Draft 12′ 2″ — 3.70 m

Displacement 69 t

Construction Mahogany on steel frames

Sail No. /

Engine Yanmar 315HP

Ex-name /

First Owner /

Location  United Kingdom


Last restoration 1991, Fairlie Restorations, UK

Information & History

Mariquita – ladybird in Spanish and one of the most iconic yachts in the history of the sport is probably the last 19 Metre in existence and her career spanning over a century and involving something of a resurrection is one of the great maritime stories. Designed and built for industrialist Arthur Stothert by William Fife III, she was launched in 1911 at Fairlie on the Clyde. Fife’s wonderful design was of course fully complemented with the high build quality of his celebrated yard.

In 1915 she was sold, ending up in neutral Norway where she spent the war years. She returned to Great Britain after the war and was brought to West Mersea by Arthur Hempstead, whose firm undertook the decommissioning. Her fine mast was chopped away above the deck, her keel bolts let go and 40 tonnes of lead cut into scrap on the Mersea hard. The hulk of the once beautiful yacht was towed to Woodbridge on the Deben and in 1958 moved to Pin Mill, on the Orwell, remaining there as a house boat for some 30 years. Bow in to the river bank, moored with chains and supported between four very large posts, at high springs she would float, settling again – not always level as the tide went out.

It was from Pin Mill in 1991 that William Collier and Albert Obrist intervened leading to her landmark restoration at Fairlie Restorations. Taken round to the Hamble on a Thames lighter, work started on the restoration in 2001. After years of painstaking work the restored MARIQUITA finally appeared in 2004. With the restoration, her owners sought not only to save a unique yacht, but also the quality ethos to which she was built and raced originally in 1911. The MARIQUITA project was one of the most professional and well-resourced classic yacht programmes ever undertaken.

Following her re launch she started on a highly successful nine year campaign and was to star in numerous regattas, winning Imperia and looking great alongside the likes of the MOONBEAMs III and IV. Wintering in San Remo MARIQUITA then headed for Greece for 2 months of cruising and race training with the owner. She went on to attend five classic regattas, including the new Porto Rotondo event and the renowned Voiles de St Tropez. In June, 2008 she attended the Fife Regatta on the Clyde and then took part in other regattas on England’s south coast. 2011 marked her centenary with a busy race season with eight more regattas; Ajaccio, Antibes, Barcelona, Palma, Mahon, Monaco, Cannes and St Tropez. In 2012 MARIQUITA visited the UK again for the Westward Cup in Cowes, the Queen’s Diamond Jubilee on the Thames and the Pendennis Cup in Falmouth. She then returned to the Mediterranean for the end of season regattas there.

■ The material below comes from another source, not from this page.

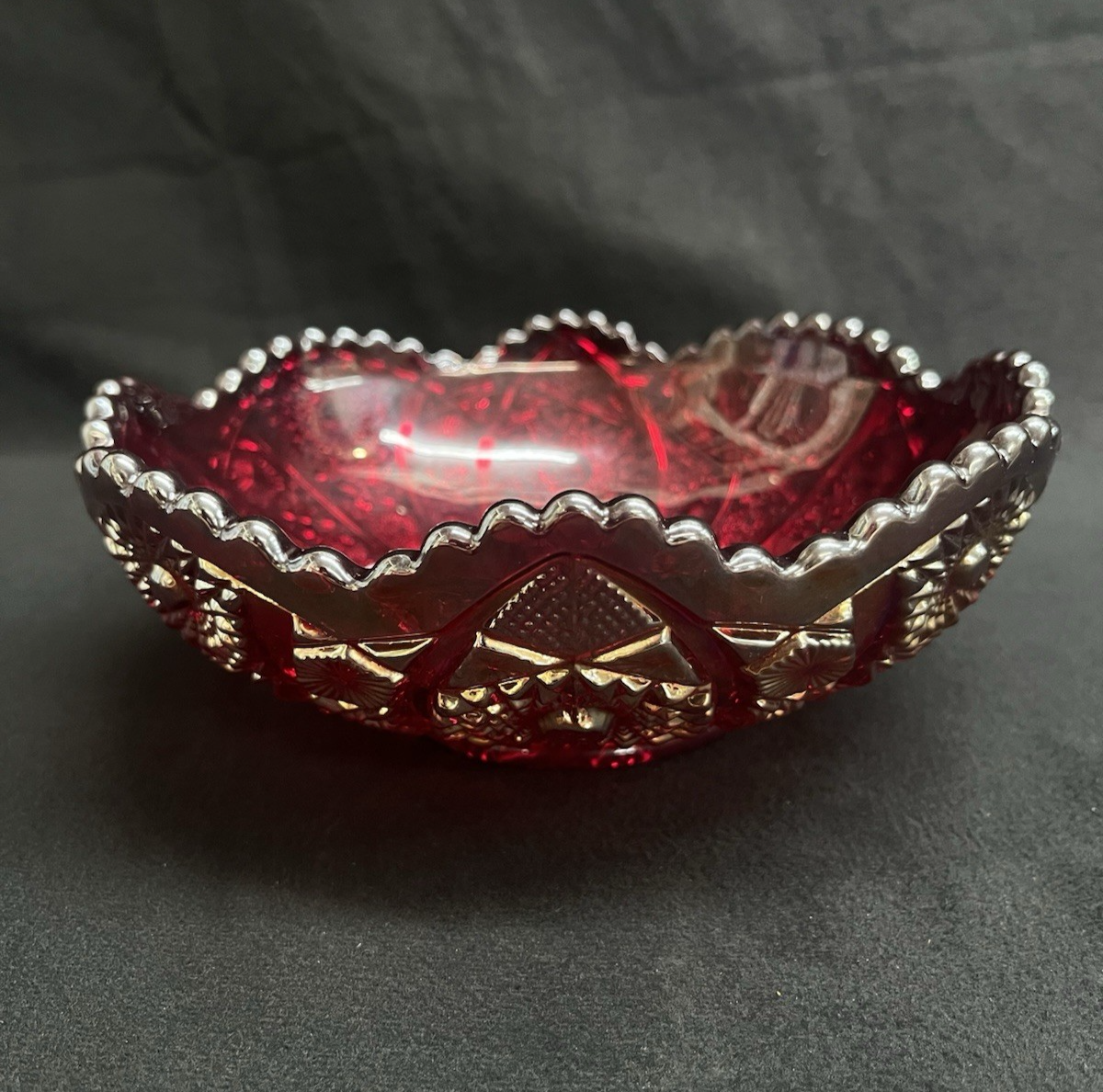 Imperial Glass OH Daisy & Button Golden Sunset Carnival Red Round Bowl 8"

It was in 2012 however that MARIQUITA was unexpectedly offered for sale. The syndicate that eventually purchased her was helped somewhat by inheriting a number of her existing crew as where everything is done by hand on such a complex yacht working as a team is paramount. Of course it took time for the crew to bed in but by the fourth regatta in Barcelona the skipper George Newman was seeing signs of real improvement. Despite some dramatic conditions in both Mahon and Cannes and some very close racing with her great rivals MOONBEAM IV and CAMBRIA, MARIQUITA arrived in Saint Tropez for the final regatta of the season in good shape with six podium finishes under her belt. Her 2014 season ended with even better results – after winning overall the Big Boat class in the Panerai Grand Prix, MARIQUITA then went on to come second in Les Voiles de St Tropez, behind the mighty gaff schooner ELENA. She is now ready to be passed on to her next custodian.

Fast forward to 2015 to find MARIQUITA locking horns with ELEONORA and SUMURUN once again on the Solent coming out on top during an exciting week of sailing for the Panerai British Classic Week at Cowes. After recording three 1st and two 2nd places her owner and helmsman John Caulcutt was of course delighted with another regatta win saying “The crew have adapted to the windy and tidal Solent conditions this season with great skill. MARIQUITA has performed really well – I couldn’t be happier with another successful week on the water”.